The attack on Mollah, in Kantatala in South 24 Parganas, was carried out by activists of the ruling Trinamool Congress, led by party strongman and former MLA Arabul Islam. The manner in which the TMC top brass came out in defence of the hooligans caused dismay in most quarters. With their gazes firmly fixed on the upcoming panchayat polls in April/May, several ministers, including Partha Chatterjee (industries) and Firhad Hakim (urban development), issued statements in support of Arabul—who dismissed the incident as mere ‘drama’—from their offices at the Writers’ Buildings.
Then, on January 8, some eight vehicles carrying CPI(M) supporters for a rally in Calcutta were torched in Bhangar (also in South 24 Parganas) by a crowd of TMC supporters, and pitched fighting ensued between TMC and CPI(M) men. The alleged culprit again was Arabul. So much for political lawlessness. An appalling lack of decorum, signifying a rot to the core, was to follow.
A day after the governor described the Kantatala and Bhangar violence as ‘goondaism’, panchayat minister Subrata Mukherjee played a hectoring football referee in an attack on the governor. Narayanan was acting as a ‘party man’, he said, and that he was showing him the ‘yellow card’, to put him ‘under watch’. The threat of the card for banishment remained loudly unspoken.
Though CM Mamata Banerjee herself hasn’t openly supported Arabul, she hasn’t condemned the violence either. Insiders claim that it is at Didi’s behest that the ministers have spoken. After his comments sparked outrage, Mukherjee clarified that he was “asked to” give a tough reply to the Governor.

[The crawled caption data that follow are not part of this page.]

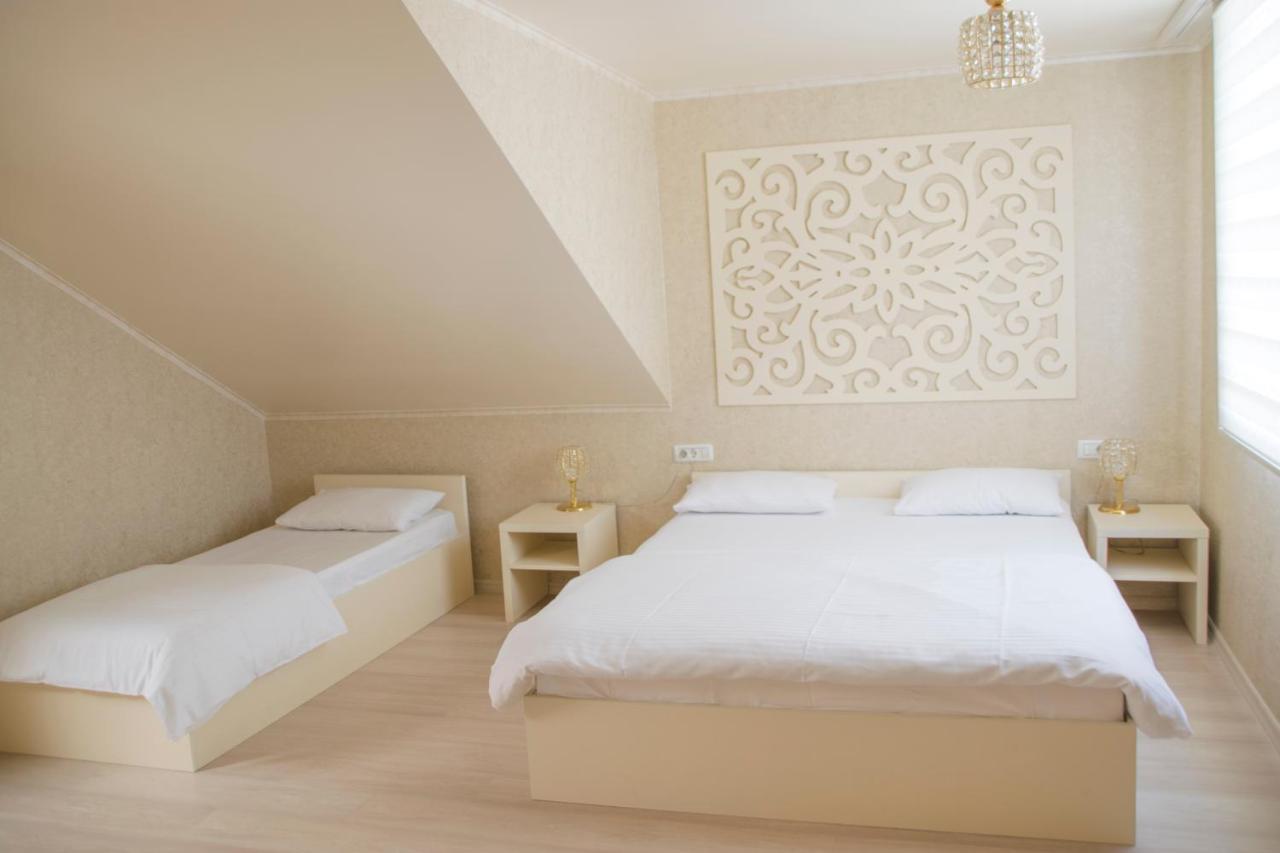 Hotel Merty コンスタンツァ エクステリア 写真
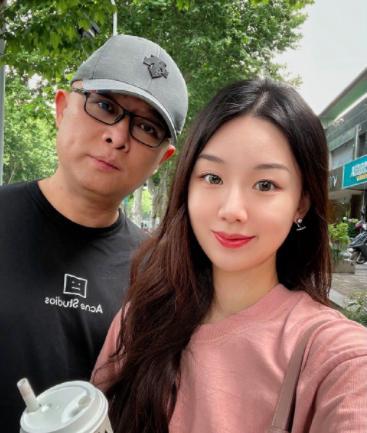 孟非与女儿孟星亚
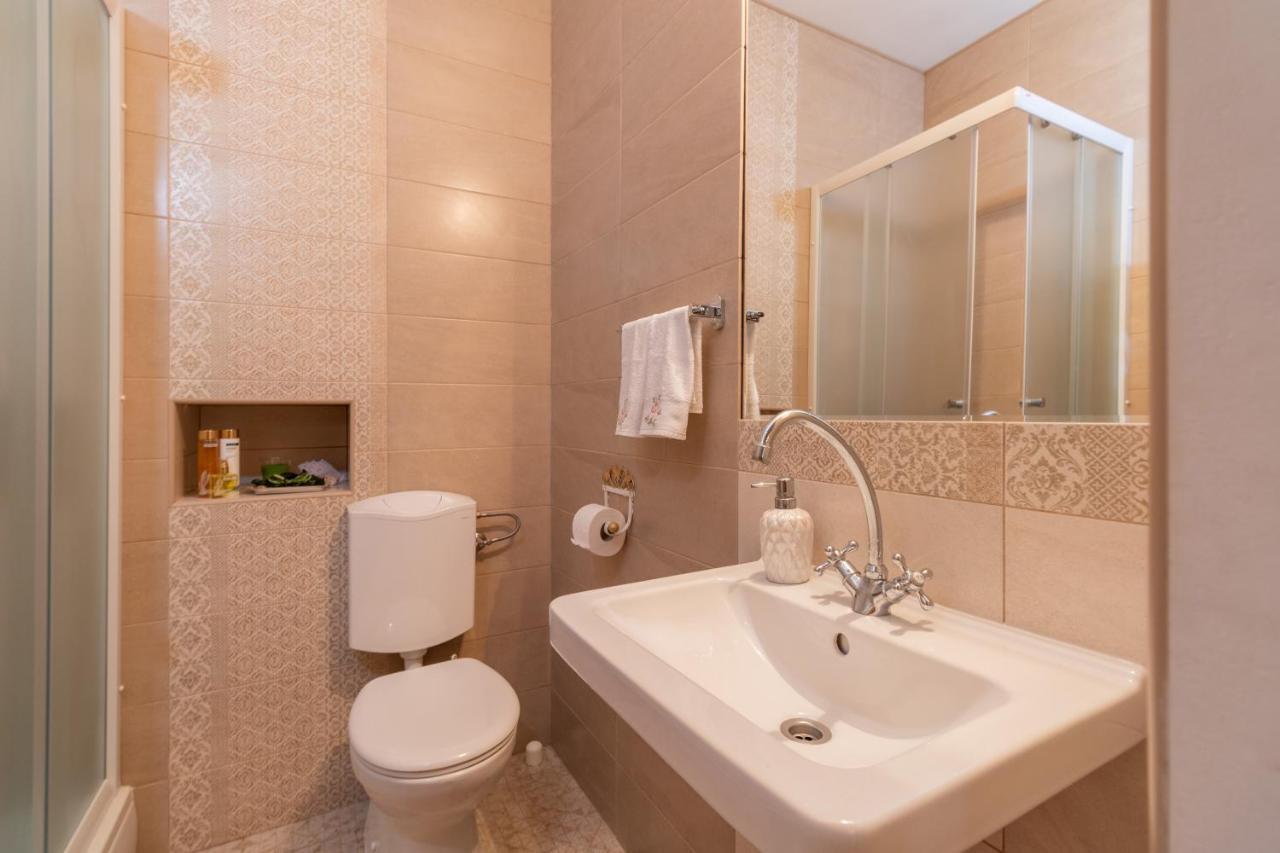 Apartment Tara Kastela Exterior photo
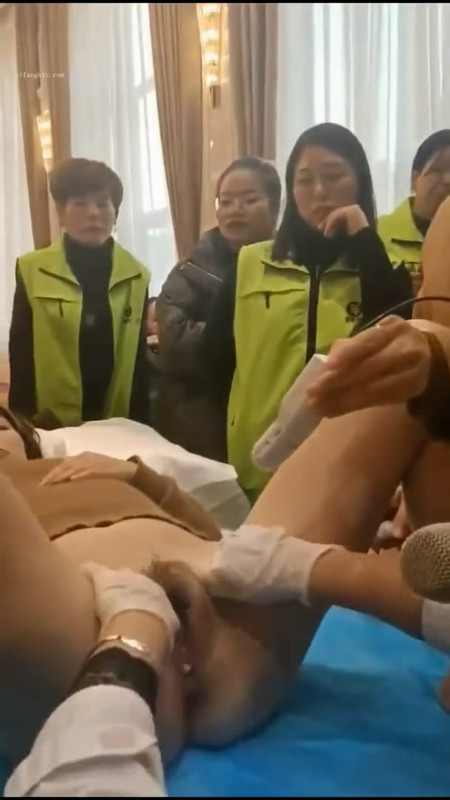 3现场教学：众学员围观女性私密保养，老师手法不错，学会了绝对能征服富婆！ (1)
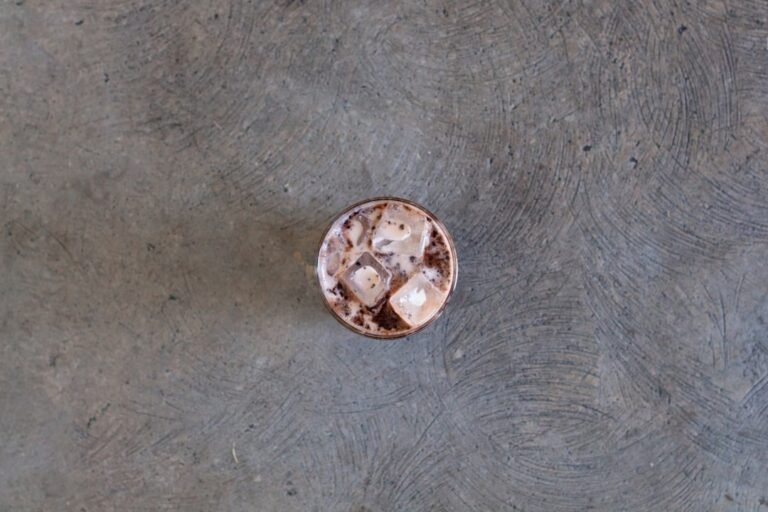 Ornamento Redondo Prateado Na Superficie Cinzenta PvEyYVtYOSY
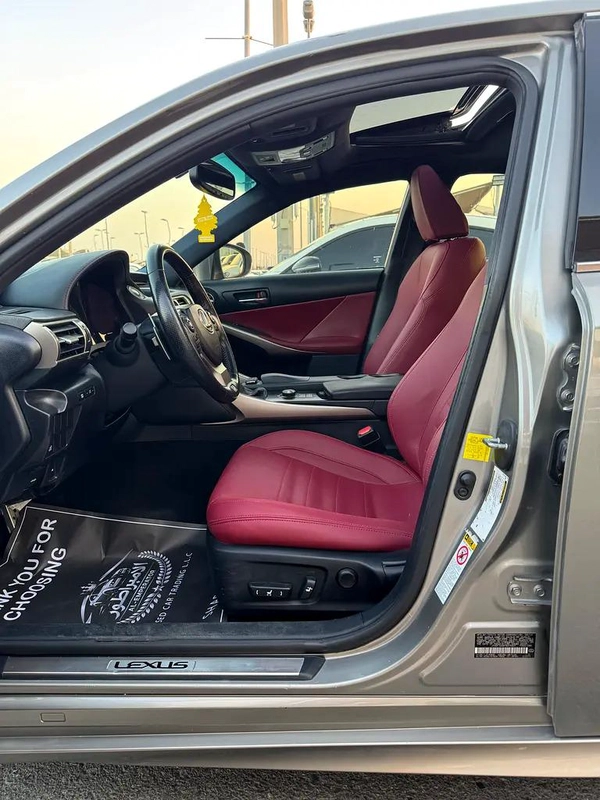 لكزس IS250 V6 2.5L موديل 2015 وارد إف إسبورت فل اوبشن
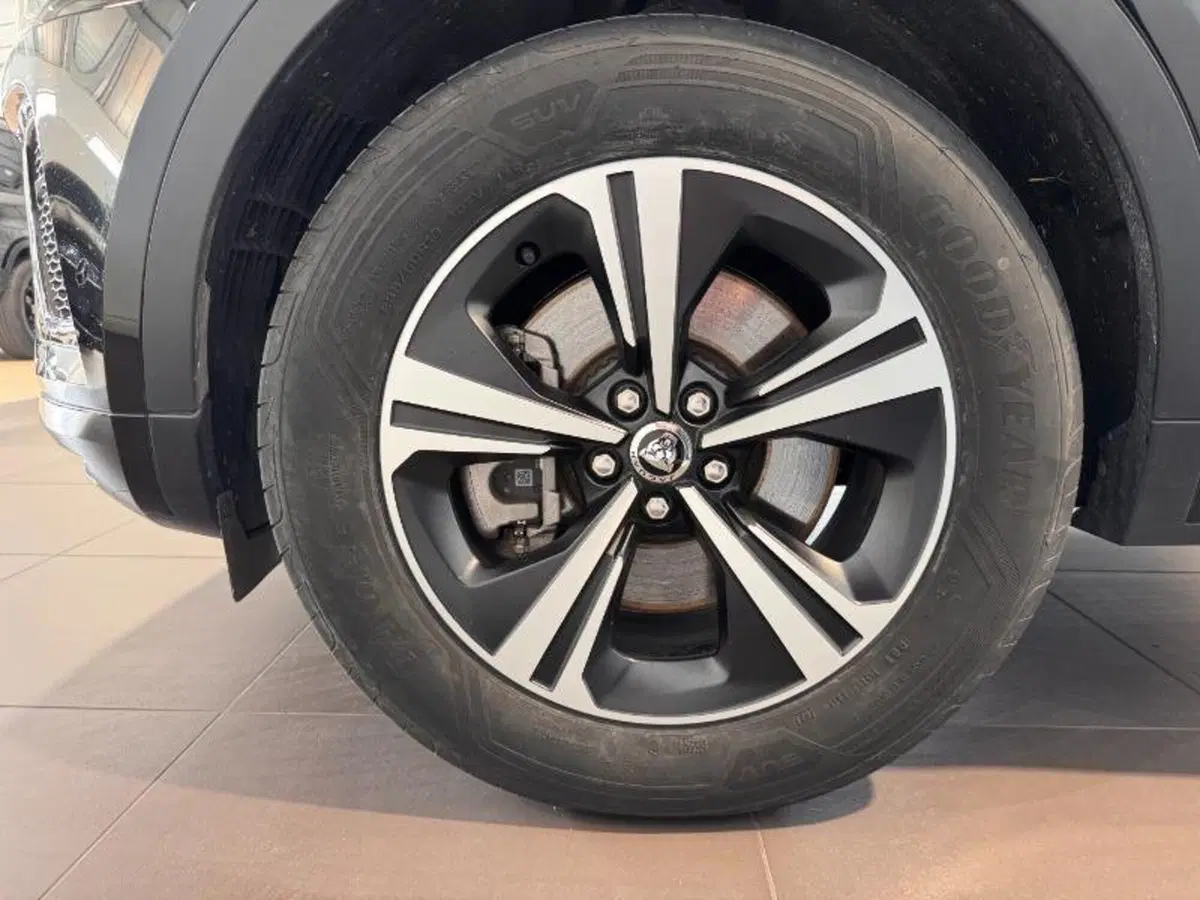 Jaguar E-Pace usata a Venezia (11)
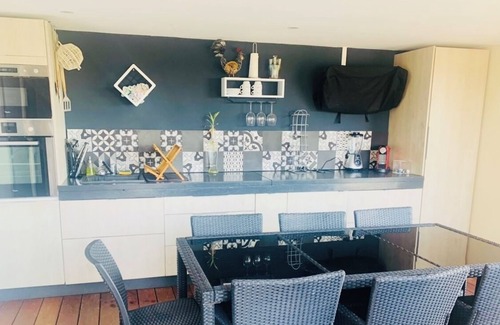 Montbazin House | Panoramic view of the village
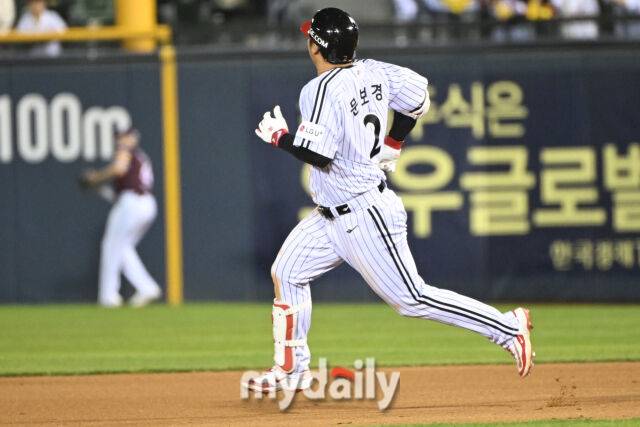 14일 서울 잠실야구장에서 열린 '2025 신한 SOL BANK KBO리그' 키움 히어로즈와 LG 트윈스 경기. LG 문보경이 6회말 2사에 2루타를 친 뒤 바라보고 있다. 문보경은 4타수 4안타(2루타 3개)를 기록했다./마이데일리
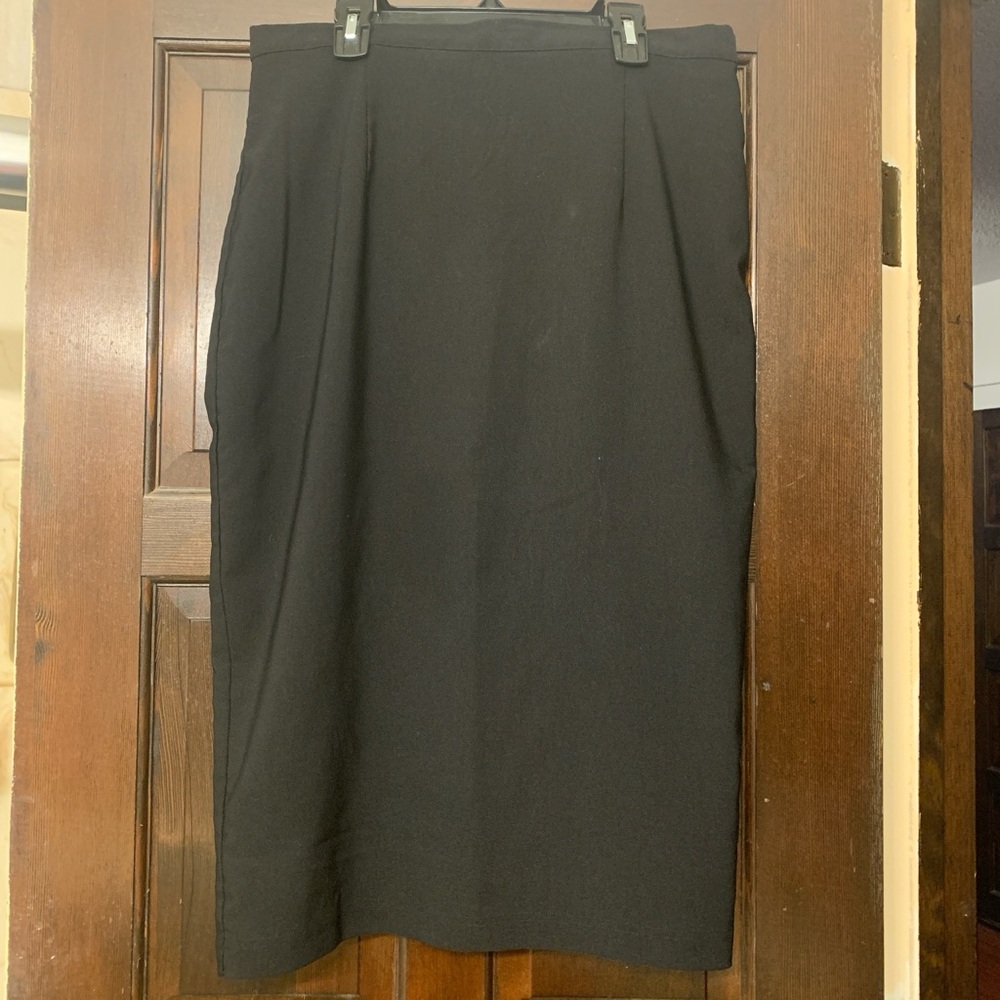 Tatyana black pencil skirt size XL, excellent condition.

Echoing Calcutta’s intellectuals, thespian Kaushik Sen points at “the terrifying trend” of condoning criminals with TMC connections. From denying the Park Street rape, then belittling the victim, to harassing professors for ‘maligning’ Mamata, this has been an open season for TMC callousness. (The CPI(M) too partook of the general debasement when leader Anisur Rahman made distasteful remarks against Mamata in December, referring to the rape case.)
It’s politically expedient to protect strongmen. For instance, Arabul reportedly has 12 criminal cases pending against him, but since he also controls 19 panchayat areas the party is loath to rub him the wrong way before the polls. Political vendetta against the opposition offers its own attractions.
Earlier this month, in an incident that drew parallels with the Rizwanur Rehman case, 33-year-old Mir Amirul Islam immolated himself before Calcutta’s Karaya police station, allegedly due to police harassment. A police-criminal nexus was alleged, with reports that Amirul had taken on a local TMC-connected thug. It took public protests to get three policemen charged with the crime.
Violence is a legacy of Bengal’s politics of the past four decades. During the Left Front rule, panchayat elections were particularly sanguinary. The TMC’s continuation of the blood-feud is seen as a payback, but also shows how tough it is to forge anew a saner political culture.
Narayanan’s remarks recall his predecessor Gopalkrishna Gandhi’s words after Left violence at Nandigram. The TMC had lent him its full-throated support. Now the boot is on their foot.